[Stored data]

======

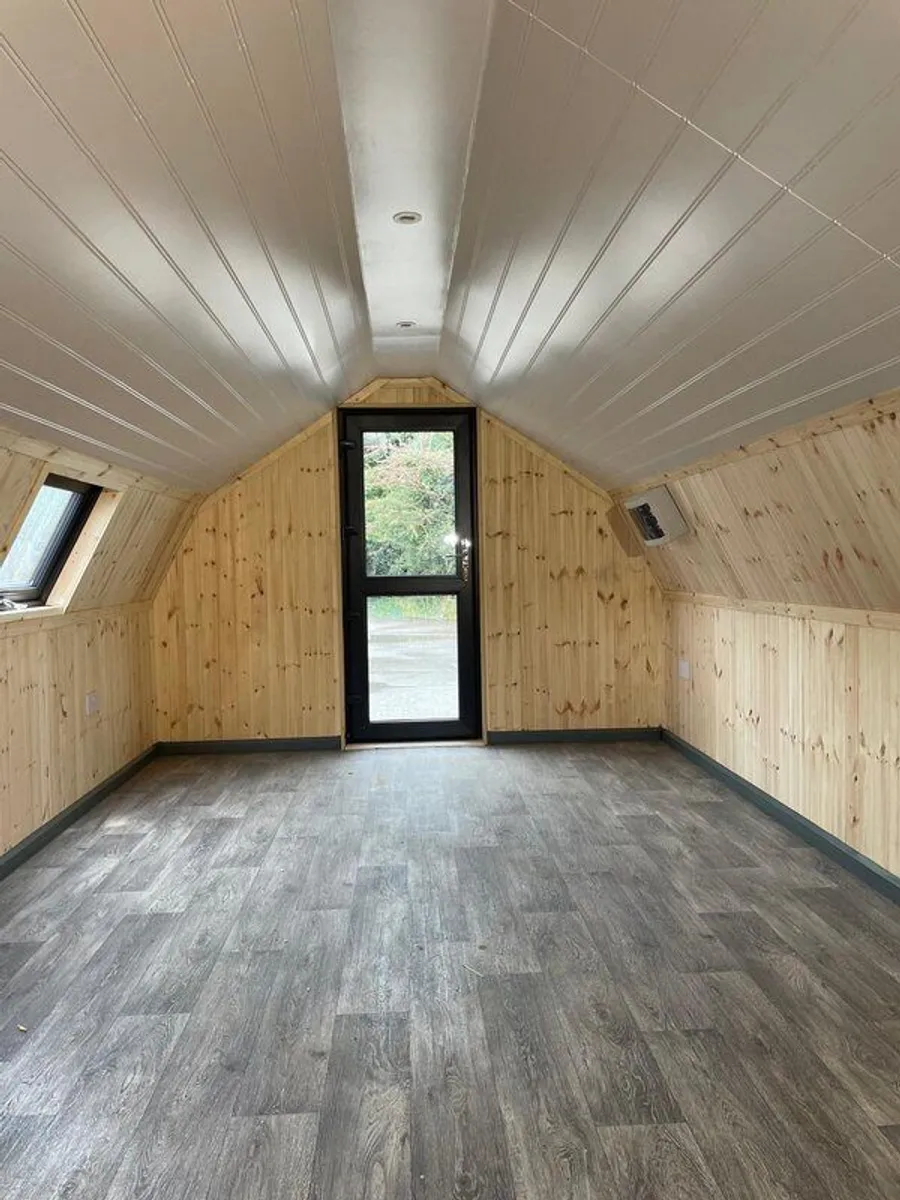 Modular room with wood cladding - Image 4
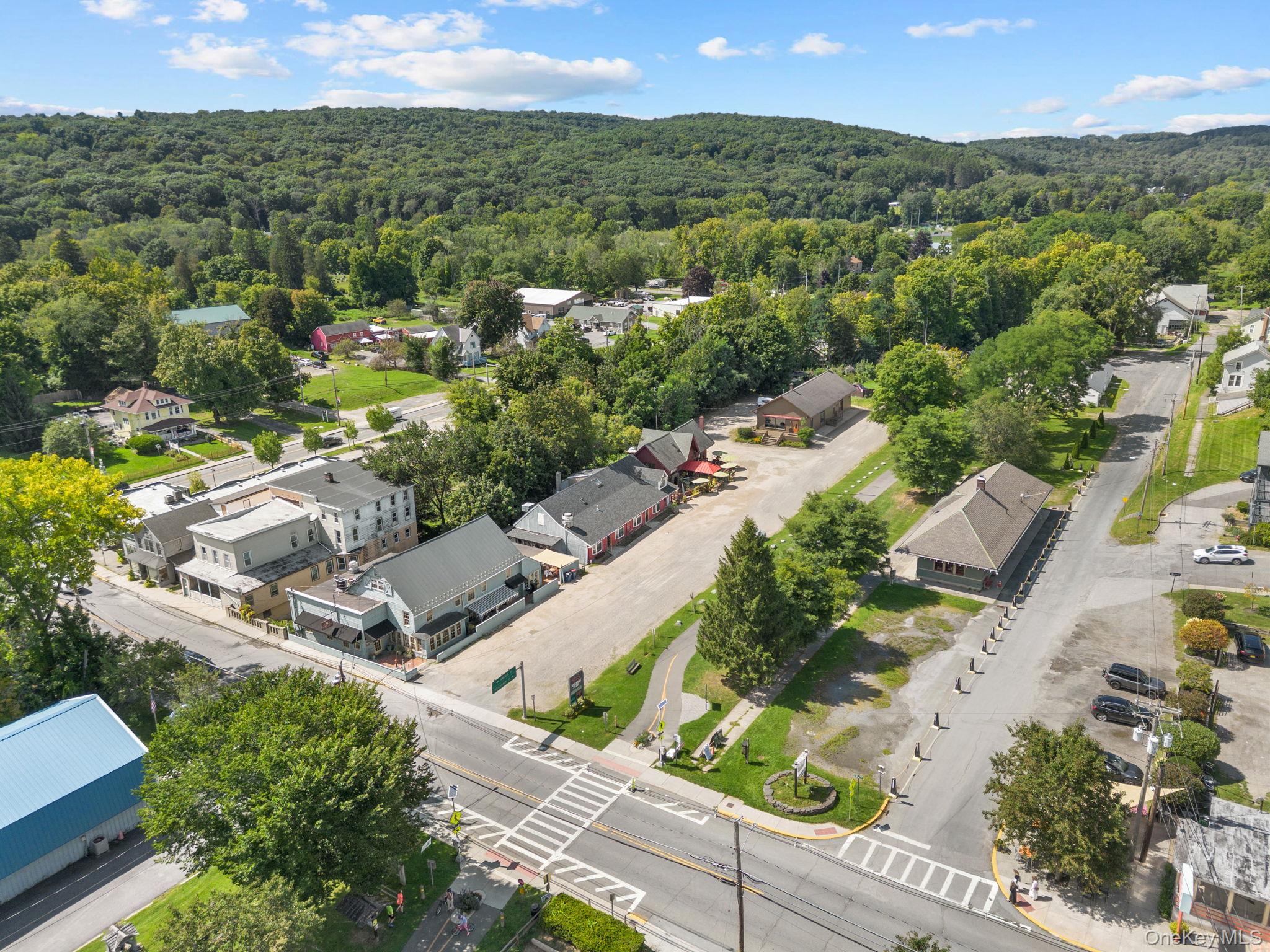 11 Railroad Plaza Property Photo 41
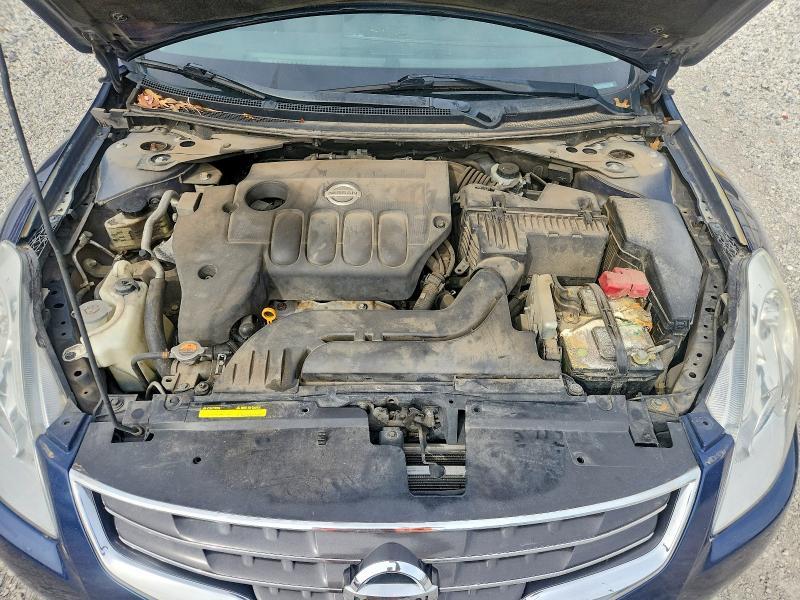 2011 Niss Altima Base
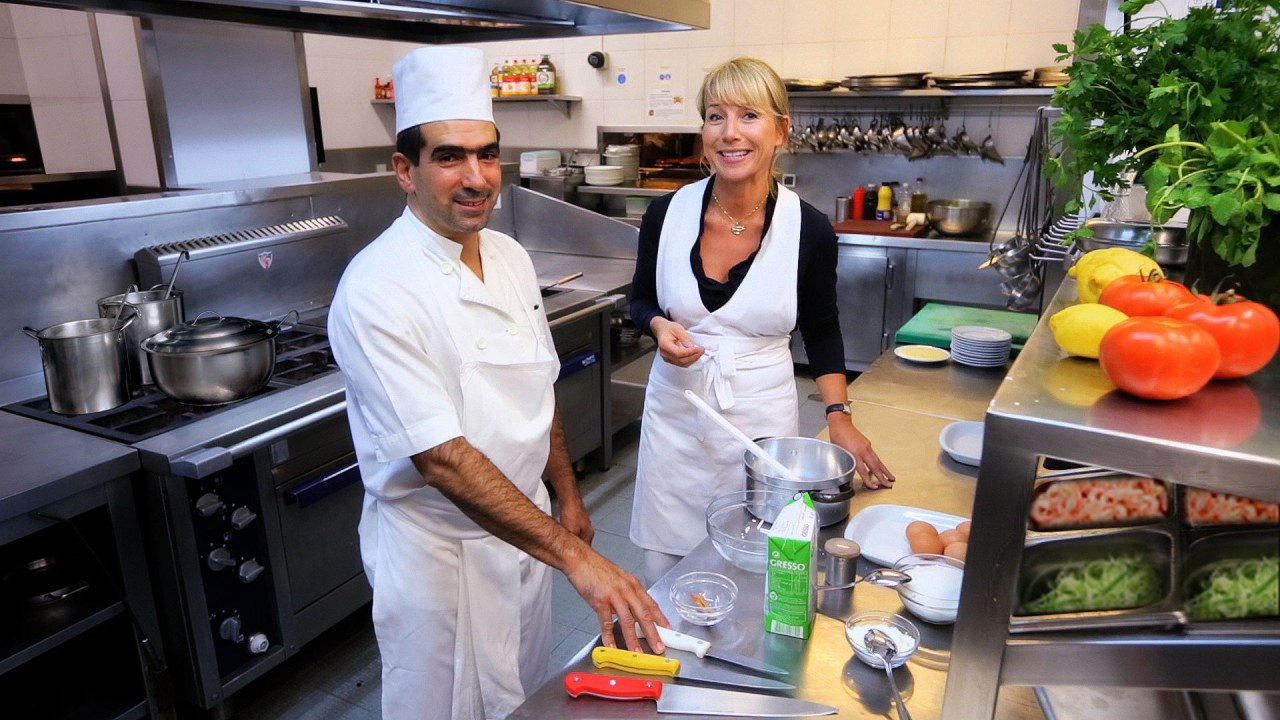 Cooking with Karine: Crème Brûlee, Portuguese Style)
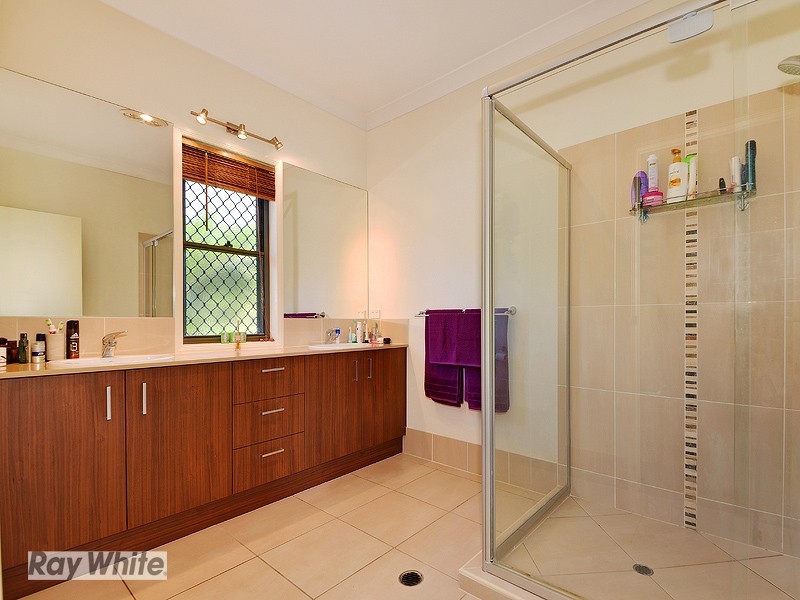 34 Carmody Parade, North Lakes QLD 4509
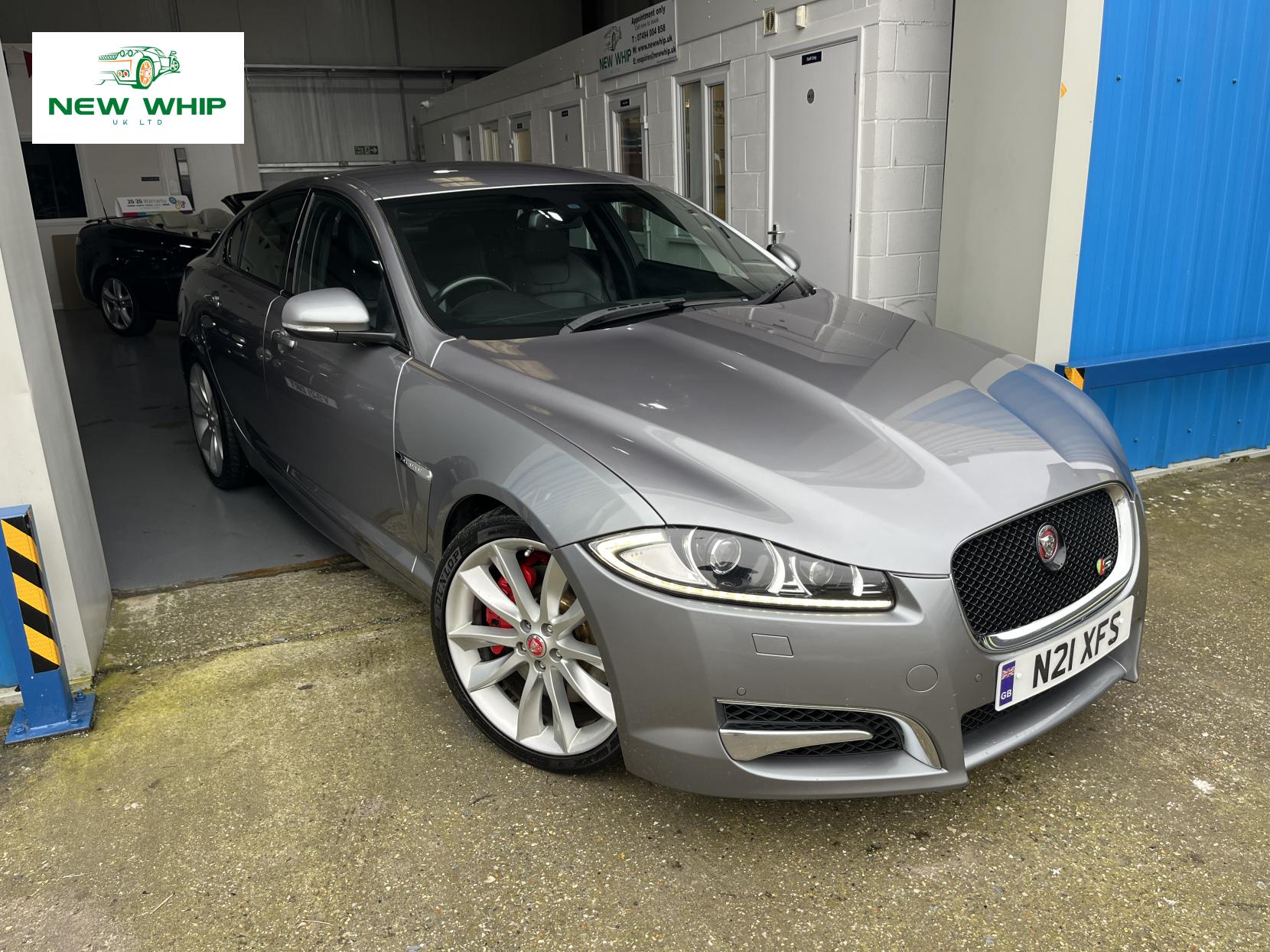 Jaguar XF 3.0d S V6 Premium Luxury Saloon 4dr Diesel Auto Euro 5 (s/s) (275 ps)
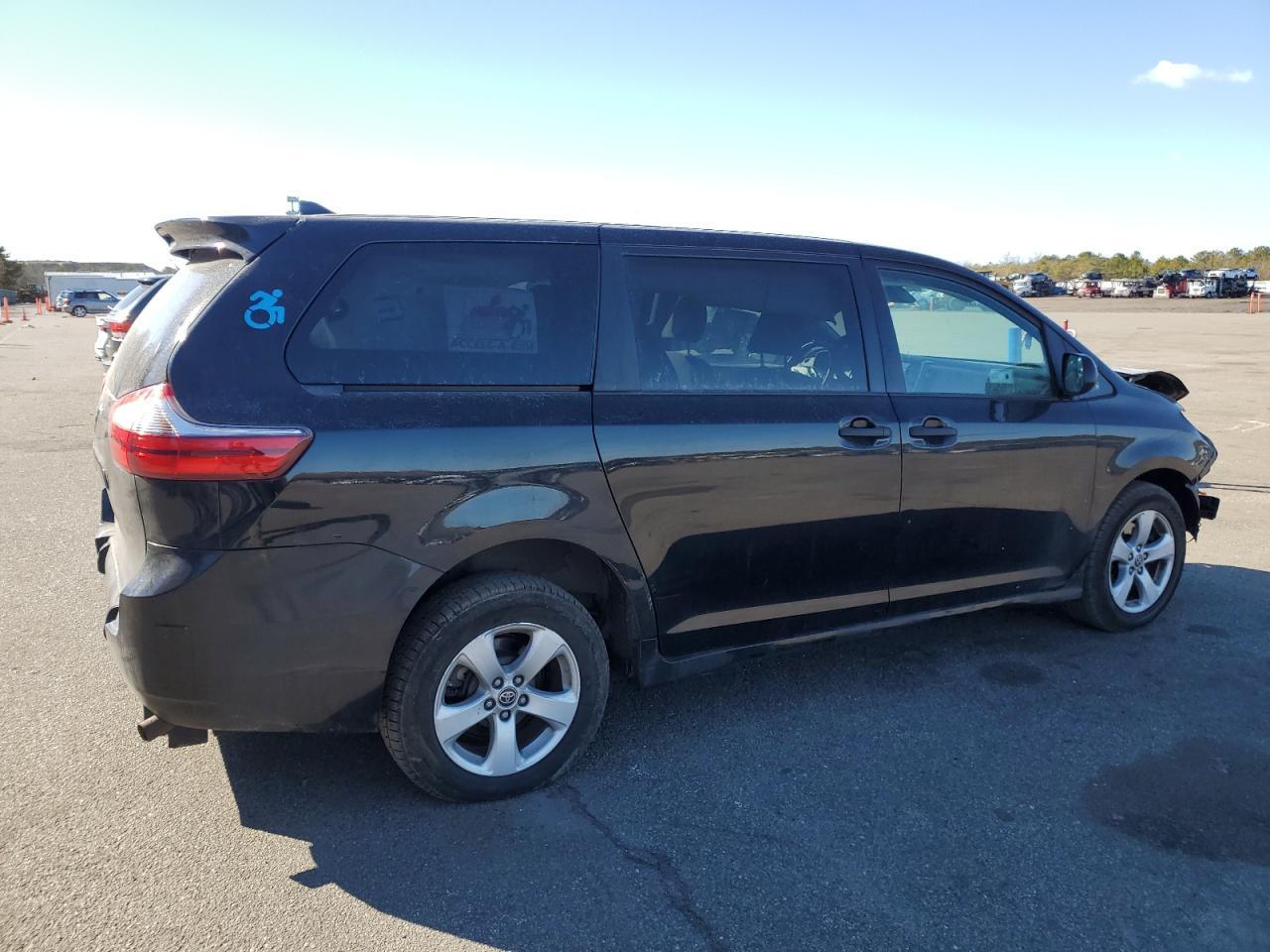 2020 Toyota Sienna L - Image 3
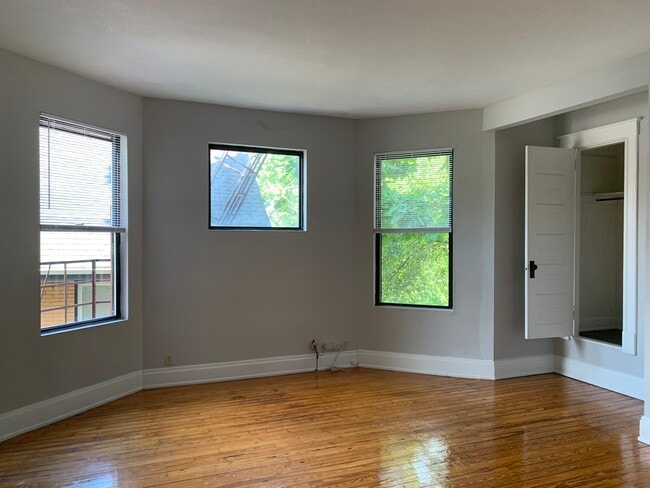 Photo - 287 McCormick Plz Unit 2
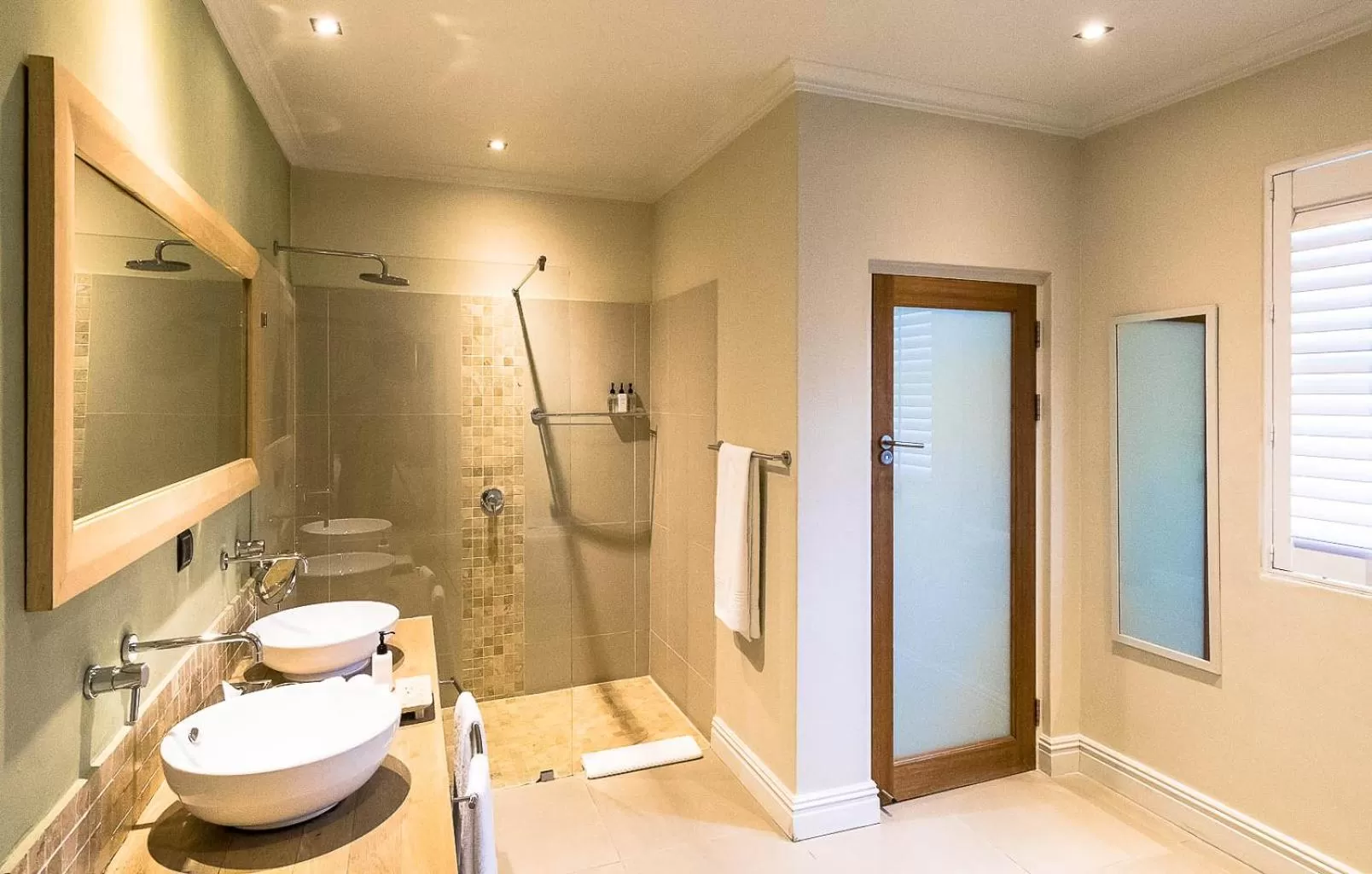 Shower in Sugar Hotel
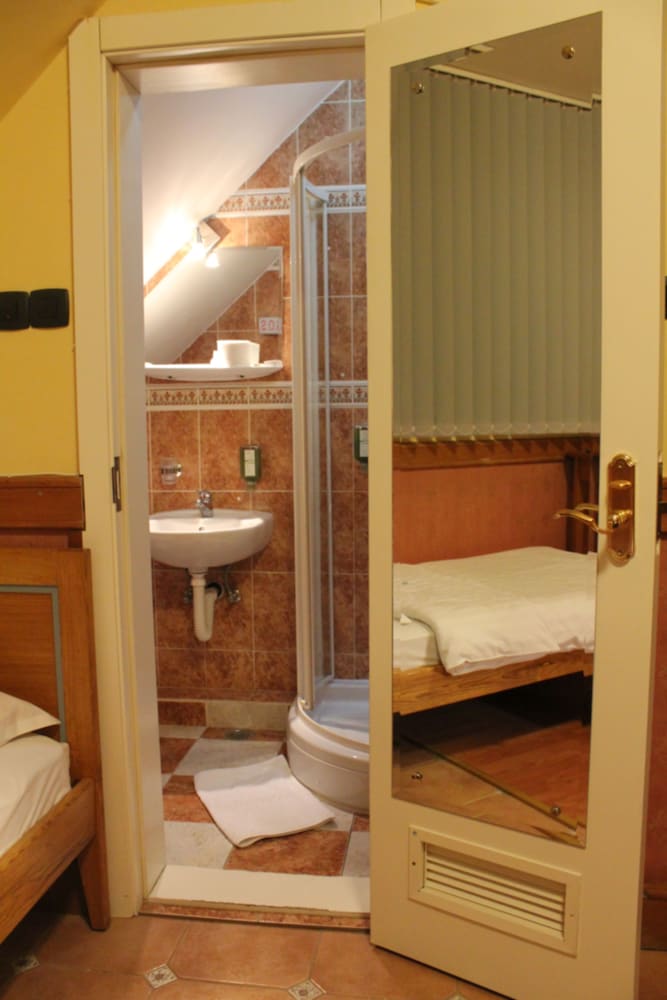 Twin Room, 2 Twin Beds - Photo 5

======

**Task brief:**
Would you please print only the lines running from the one with "Shower in Sugar Hotel" to the final line of the entries above, exactly as written and without pictures?

**Response:**
 Shower in Sugar Hotel
 Twin Room, 2 Twin Beds - Photo 5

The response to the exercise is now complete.